Handling Binary Files for Sequential and Random Access

Richard Kay, 14 February 2000

1. Reading in binary mode: fread()

Prototype: size_t fread(void *ptr, size_t size, size_t nobj, FILE *stream);

fread() returns the number of bytes read from file *stream. We can check for end of file on reading by testing for 0 bytes read. ptr is a pointer holding the address of the allocated storage (e.g. address of the start of a structure record) into which data as read from the file will be stored. size is the size in bytes of each object to be read and nobj is the number of objects to be read.
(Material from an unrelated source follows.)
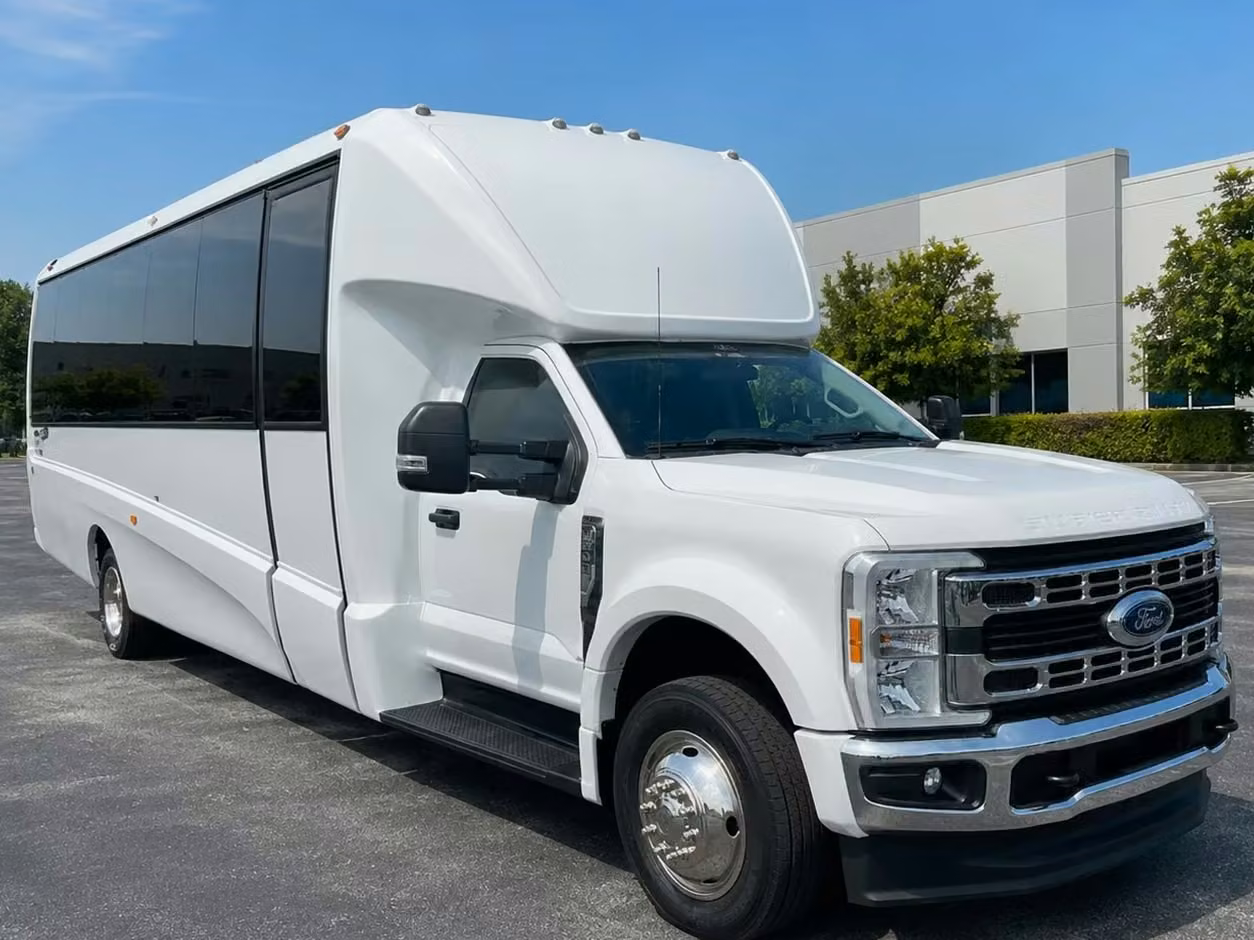 bell gardens 25 passenger minibus rental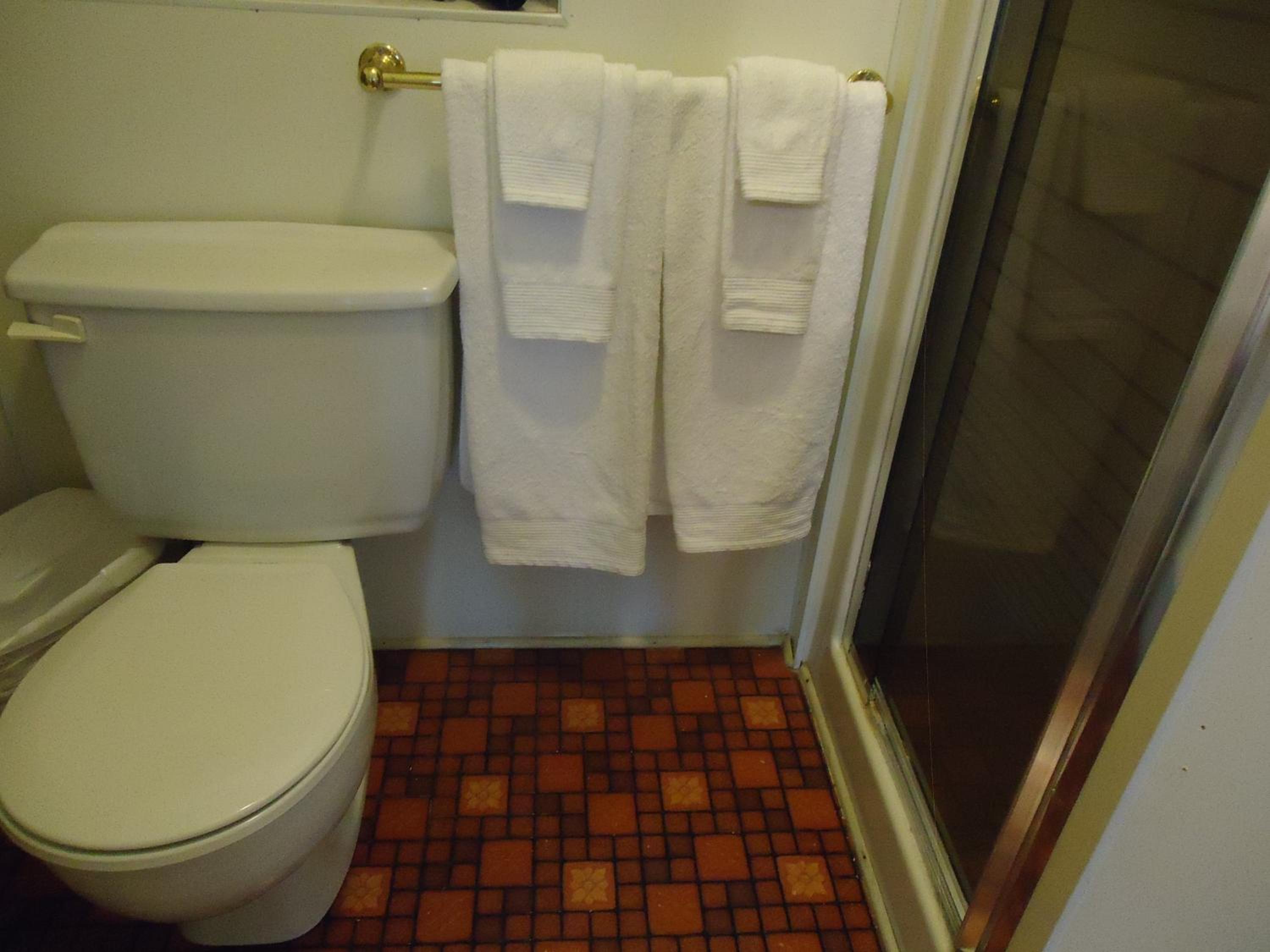 Queen Room with Ensuite Bathroom photo 3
It follows that size*nobj bytes will be read and stored in the block to which ptr holds the starting address. size_t is the data type of the size and nobj parameters and the return value, which must be some kind of integer typically defined using a typedef somewhere in stdio.h for portability reasons.
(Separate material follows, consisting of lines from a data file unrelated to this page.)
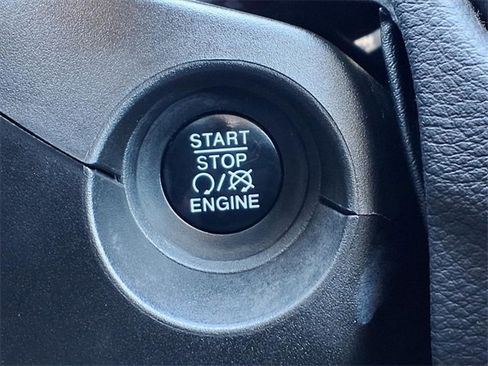 Used 2018 Jeep Compass Latitude w/ Safe & Security Group image 15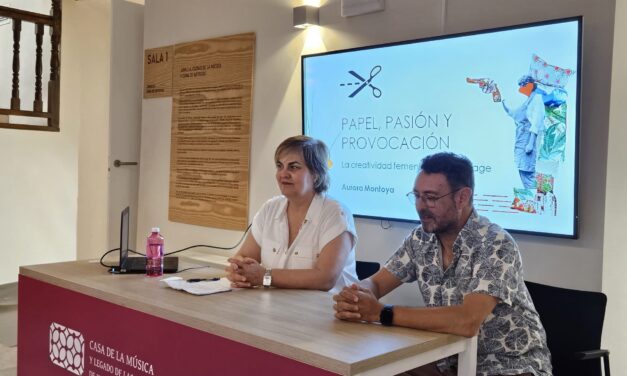 La artista Aurora Montoya plasma su trayectoria en el collage en una conferencia y una exposición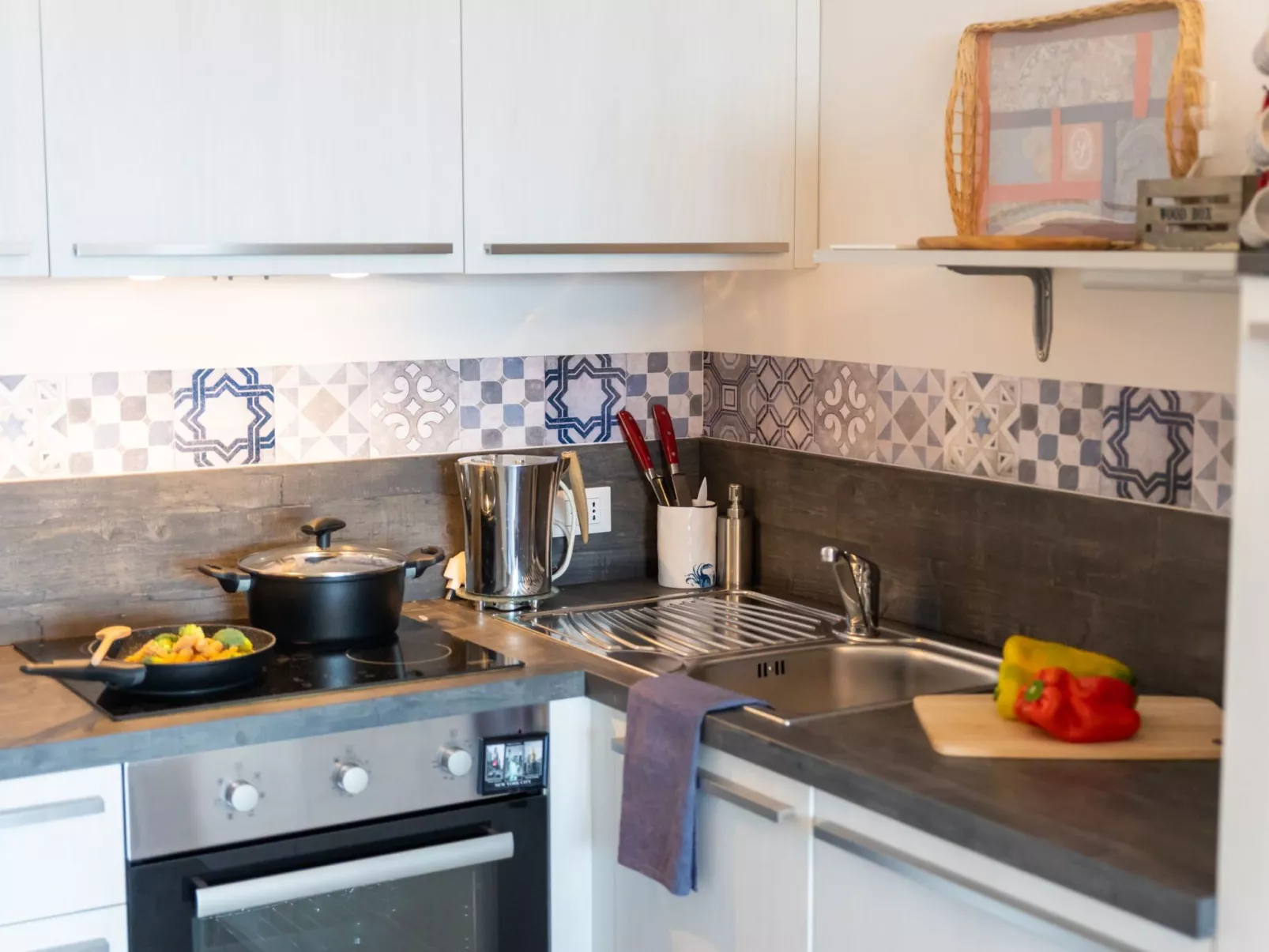 Perla Abernathy - Haus mit Pool und Garten-Binnen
e.g. 1 with known file size:

FILE *in;
int ia[10];
in=fopen("ints.bin","rb"); /* read and binary mode */
fread(ia,sizeof(int),10,in); /* reads 10 integers into ia[] */
e.g. 2 with unknown file size:
FILE *in;
int ia[100],bytes,i=0; /* we know or hope there are less than 100 ints in the file */
in=fopen("ints.bin","rb"); /* read and binary mode */
while((bytes=fread(ia+i,sizeof(int),1,in))>0)
  /* reads integers one at a time into ia[] until EOF */
  printf("integer %d is %d\n",i+1,ia[i++]);
printf("there were %d integers in the file\n",i);
2. writing in binary mode: fwrite()

Prototype: size_t fwrite(const void *ptr, size_t size, size_t nobj, FILE *stream);

fwrite() is the "mirror" function of fread() and has the same parameters and return type. Instead of copying a block of data from a file into a memory area it copies a memory area to the binary file. E.G:

int ia[]={2,4,8,16};
FILE *out;fopen("ints.bin","wb");
fwrite(ia,sizeof(int),sizeof(ia)/sizeof(int),out);
  /* writes contents of ia[] to binary file */
3. Positioning within the file

The above functions can be used for sequential file access, in which case when reading the file "cursor" will always automatically be positioned at the next record to be read, and when writing the cursor will always be positioned (either from the start in overwrite or new file mode or at the end of the existing file in append mode) at the next record to be written. However, files may also be accessed randomly. This can be faster and more efficient when handling with very large files, perhaps where access is needed to only small amounts of data compared to the size of the file. Random access will typically require some kind of an index structure, possibly stored in a separate file or at the start of a large file, to indicate the file offsets at which various record keys are stored.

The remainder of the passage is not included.